Space-based lightning observations
Satellite missions with dedicated onboard instruments provide a different way of capturing the stroboscopical dance of lightning discharges, i.e., cloud-to-ground (CG) and/or intra- and inter-cloud (IC) electrical activity, by observing the scattered light peaking through the top of the cloud. The signature of the strong optical oxygen triplet emission line at 777.4 nm is typically what is observed by means of specifically designed cameras. Although first attempts had already started in the 1970s, one had to wait until 1995 with the launch of the OrbView 1 (MicroLab 1) satellite with the onboard Optical Transient Detector (OTD), closely followed by the Tropical Rainfall Measuring Mission (TRMM) carrying the Lightning Imaging Sensor (LIS) in 1997, to witness the potential and significance of that type of mission. While the latter satellites moved in a polar orbit around the Earth, the latest and future types of optical lightning instruments are being put into operation from a geostationary (GEO) orbit, thereby expanding even further the range of associated applications. The research on this topic is timely given that the Meteosat Third Generation (MTG), which has a Lightning Imager (LI) on board, will probably be launched at the end of 2022 (Poelman et al., 2020).

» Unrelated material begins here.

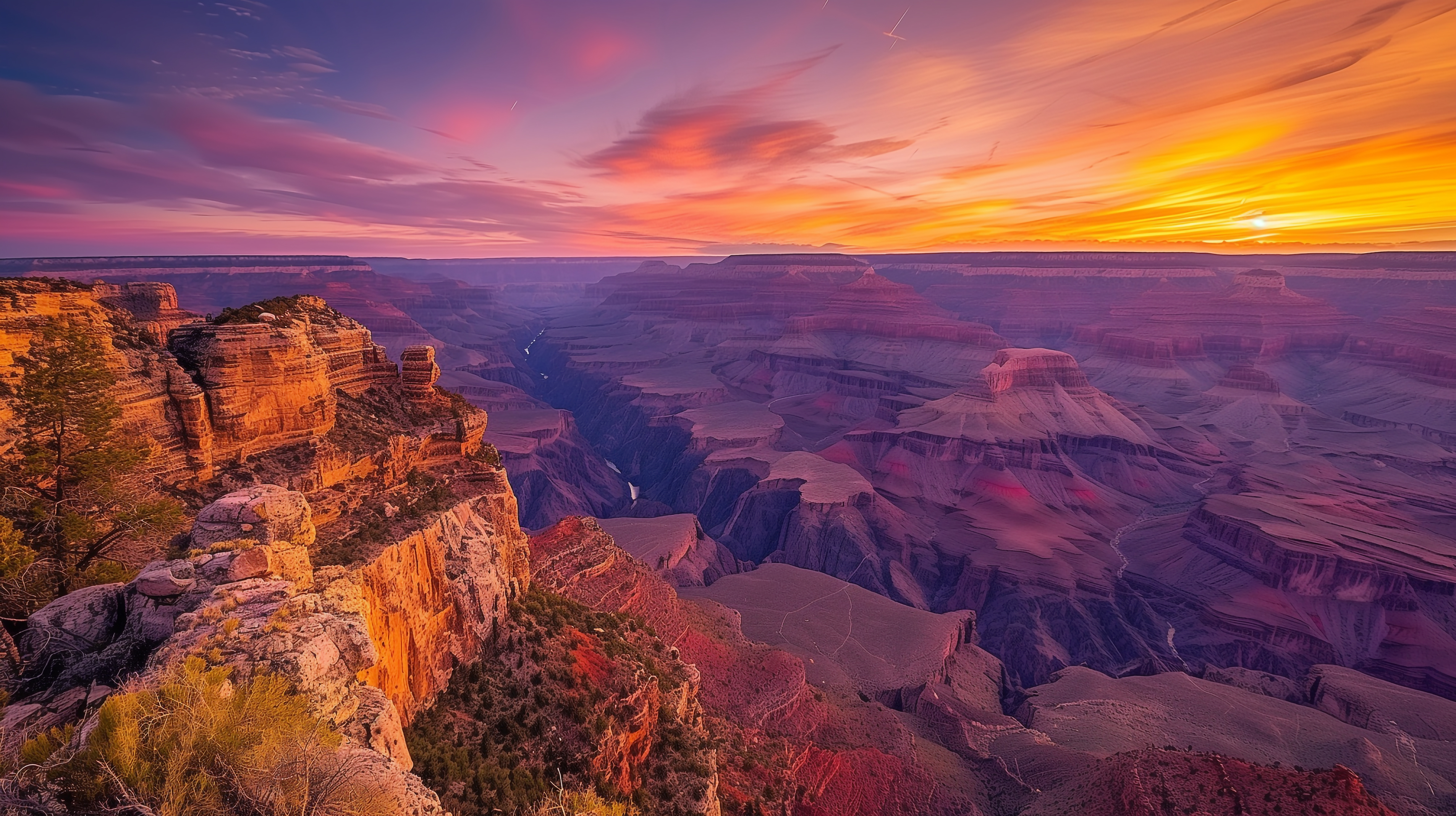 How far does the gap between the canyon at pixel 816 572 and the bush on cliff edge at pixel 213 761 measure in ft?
3.39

The field of view of the MTG-LI instrument is covered by four identical cameras on the instrument, each covering one out of four domains on the observable Earth disk. Hence, MTG-LI will provide observations of the optical scattered light at the top of the clouds of the near-full Earth disk. In combination with the USA Geostationary Lightning Mappers (GLMs) and the Chinese FY4 Lightning Mapping Imager (LMI), a global picture of lightning activity is at our disposal.

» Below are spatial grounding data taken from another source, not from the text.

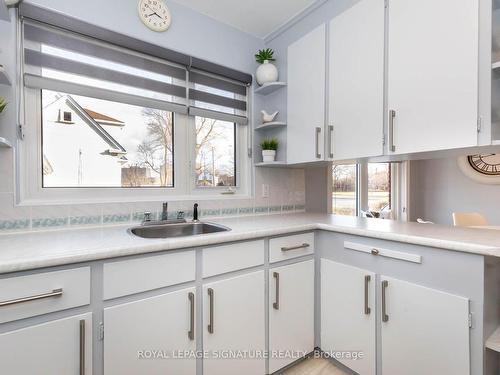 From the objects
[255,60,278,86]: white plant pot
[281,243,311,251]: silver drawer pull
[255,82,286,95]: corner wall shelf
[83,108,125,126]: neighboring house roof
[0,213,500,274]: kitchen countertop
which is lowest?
[281,243,311,251]: silver drawer pull

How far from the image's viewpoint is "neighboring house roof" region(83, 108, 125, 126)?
167 centimetres

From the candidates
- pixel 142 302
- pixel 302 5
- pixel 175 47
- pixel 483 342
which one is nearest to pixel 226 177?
pixel 175 47

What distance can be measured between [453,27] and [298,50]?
1.03 meters

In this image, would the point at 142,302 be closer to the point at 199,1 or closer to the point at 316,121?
the point at 316,121

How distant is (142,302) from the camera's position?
44.8 inches

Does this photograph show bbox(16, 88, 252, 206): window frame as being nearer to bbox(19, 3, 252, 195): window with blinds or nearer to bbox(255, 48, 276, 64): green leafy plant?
bbox(19, 3, 252, 195): window with blinds

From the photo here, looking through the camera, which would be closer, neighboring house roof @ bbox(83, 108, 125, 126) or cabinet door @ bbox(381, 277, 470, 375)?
cabinet door @ bbox(381, 277, 470, 375)

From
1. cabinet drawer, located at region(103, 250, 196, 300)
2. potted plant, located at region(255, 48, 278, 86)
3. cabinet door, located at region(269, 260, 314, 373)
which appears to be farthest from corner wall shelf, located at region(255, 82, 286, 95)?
cabinet drawer, located at region(103, 250, 196, 300)

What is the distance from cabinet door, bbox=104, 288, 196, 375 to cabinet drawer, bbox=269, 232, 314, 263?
0.53 meters

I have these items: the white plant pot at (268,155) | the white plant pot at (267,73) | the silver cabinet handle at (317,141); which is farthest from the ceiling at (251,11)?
the white plant pot at (268,155)

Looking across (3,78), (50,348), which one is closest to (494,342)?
(50,348)

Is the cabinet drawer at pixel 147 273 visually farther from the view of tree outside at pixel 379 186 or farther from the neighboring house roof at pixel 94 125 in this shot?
the view of tree outside at pixel 379 186

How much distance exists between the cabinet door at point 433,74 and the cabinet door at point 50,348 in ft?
5.72

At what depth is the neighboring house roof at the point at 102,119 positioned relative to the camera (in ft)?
5.49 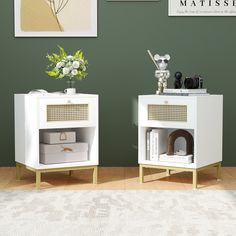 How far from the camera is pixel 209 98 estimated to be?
13.5 ft

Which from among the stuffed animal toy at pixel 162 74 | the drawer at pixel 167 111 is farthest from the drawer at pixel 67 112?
the stuffed animal toy at pixel 162 74

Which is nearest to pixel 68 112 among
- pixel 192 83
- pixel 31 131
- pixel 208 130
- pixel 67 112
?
pixel 67 112

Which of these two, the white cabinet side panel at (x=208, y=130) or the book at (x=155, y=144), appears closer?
the white cabinet side panel at (x=208, y=130)

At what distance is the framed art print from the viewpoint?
487 centimetres

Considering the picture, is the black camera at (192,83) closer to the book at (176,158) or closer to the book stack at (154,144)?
the book stack at (154,144)

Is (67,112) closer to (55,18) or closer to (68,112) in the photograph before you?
(68,112)

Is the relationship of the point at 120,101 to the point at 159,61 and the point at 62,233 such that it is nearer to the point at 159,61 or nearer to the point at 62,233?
the point at 159,61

The coverage of GEO sensors includes data sparse regions such as oceans and mountainous terrain, as well as countries that lack other means of observing thunderstorms, e.g., radar networks. These data open new perspectives such as detailed global lightning climatology with consistent performance over the next decades and further inter-comparison with ground-based lightning observations and other instruments. In addition, the continuous data flow can be assimilated in Numerical Weather Prediction (NWP) models to improve the localization of deep convection and consequently contribute to a better weather forecast. Finally, real time data allow for forecasts at very short range and the mitigation of risk due to heavy precipitation, flash floods, and severe weather.